This is really trivial, CLearly as you can see all of $x,y,z$(assumed $\in\mathbb{N}$) is even and suppose they have some odd divisors say $x=2^a.p,y=2^b.q,z=2^c.r $ where $p,q,r\geq 1$ Now, Let, $a=\text {min} \{a,b,c\}$ $2^{2a}(p^2+2^{2b-2a}q^2+2^{2c-2a}r^2)=2^{2004}$ but this a contradiction since LHS would atleast have an odd prime divisor. Forcing , $q=0,r=0,p=1$ and $2^{2a}=2^{2004}$ So only possible solution is $(2^{1002},0,0)$ or its permutations; And If $\in\mathbb{Z}$ then $-2^{1002}$ also be a solution;

Konigsberg wrote: Find all triples $(x,y,z)$ such that $x^2+y^2+z^2=2^{2004}$. $x^2+y^2+z^2=2^{2004}$.Clearly among at least 2 no.s may be odd or three of them is even.If 2 of them is odd then LHS must have a odd prime factor but RHS don't have.so three of them must be even.

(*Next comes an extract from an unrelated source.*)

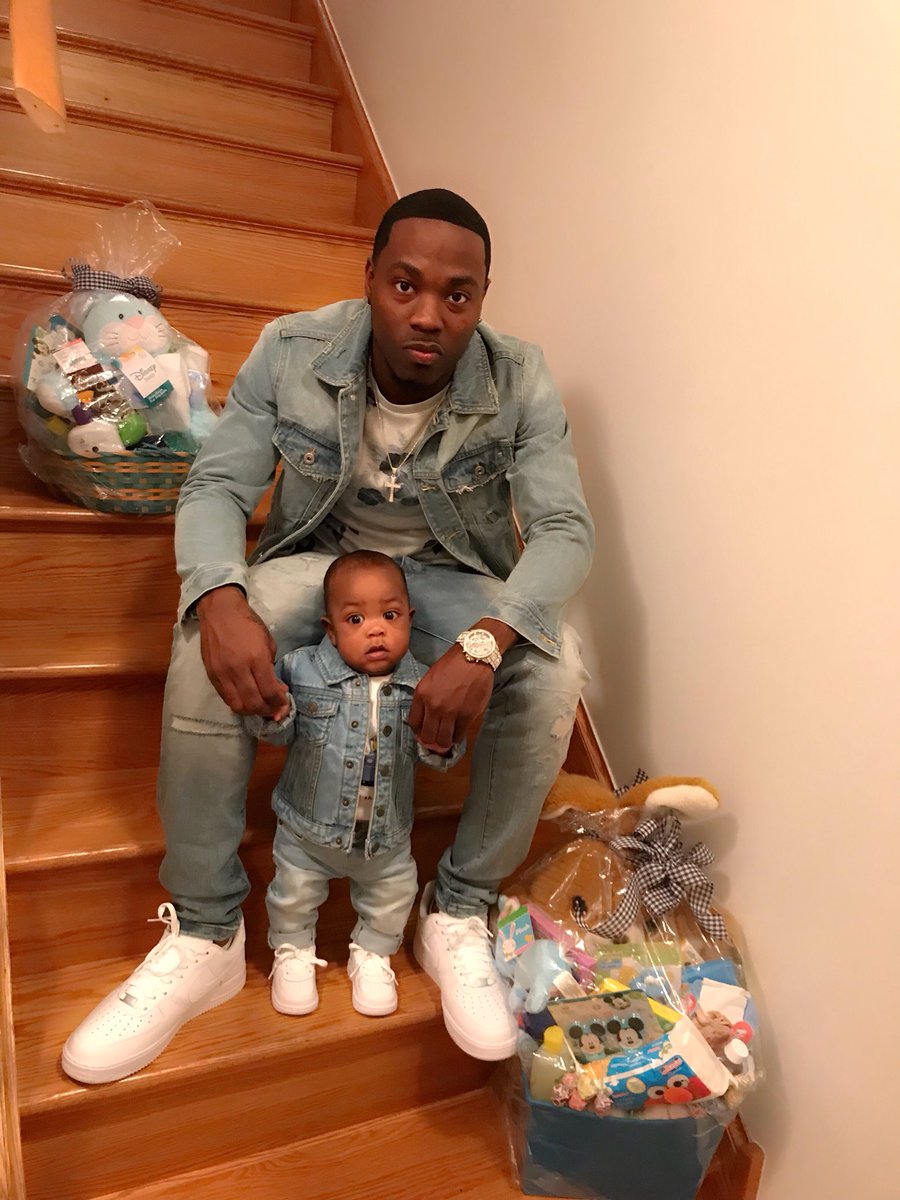 YM_Heavy's tweet photo. Happy Easter from me and my boys 🐰🤞🏾👨‍👦‍👦 #Latepost https://t.co/vS3TtUbVfS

Let, $x=2x_1,y=2y_1,z=2z_1$. so, $x^2_1 +y^2_1 +z^2_1=2^{2000}$.Similarly as above after doing it $1002$ times we get, $x^2_{1002} +y^2_{1002} +z^2_{1002}=1$.so $(x_{1002},y_{1002},z_{1002})=(\pm1,0,0) \implies (x,y,z)=(\pm2^{1002},0,0)$ and all its permutations.